- _Action item_
Would you repeat the entries below word for word and omit the pictures?

- _Data for this task_
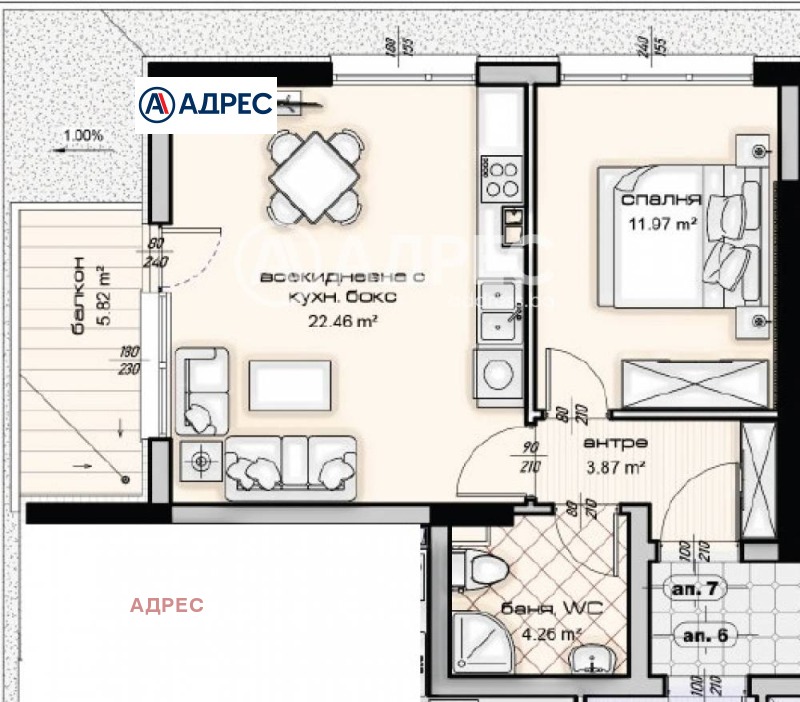 In vendita  1 camera da letto Varna , Vladislav Varnenchik 1 , 72 mq | 70426024 - Immagine [4]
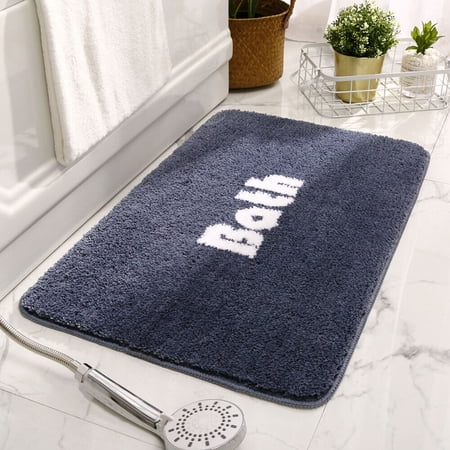 CJC Shower Mat Anti-Slip Tub Bath Mat Quick Dry Shower Mat Absorbent Soft Shaggy Surface Bathroom Floor Mat For Wet Areas
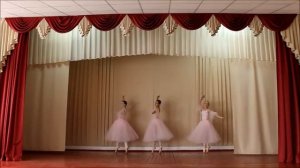 детский образцовый хореографический ансамбль Виктория 11 - 14 лет Весенний вальс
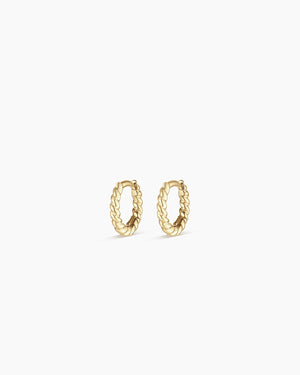 14K Gold Crew Huggies 8Mm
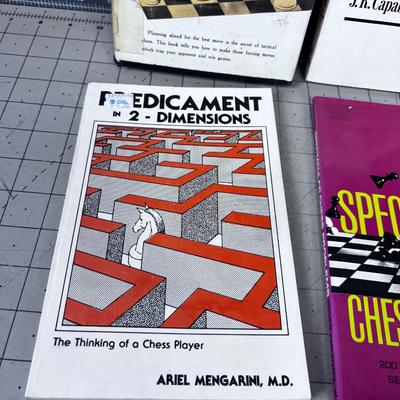 6 Chess Books - Chess Strategy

- _Solution for this task_
 In vendita  1 camera da letto Varna , Vladislav Varnenchik 1 , 72 mq | 70426024 - Immagine [4]
 CJC Shower Mat Anti-Slip Tub Bath Mat Quick Dry Shower Mat Absorbent Soft Shaggy Surface Bathroom Floor Mat For Wet Areas
 детский образцовый хореографический ансамбль Виктория 11 - 14 лет Весенний вальс
 14K Gold Crew Huggies 8Mm
 6 Chess Books - Chess Strategy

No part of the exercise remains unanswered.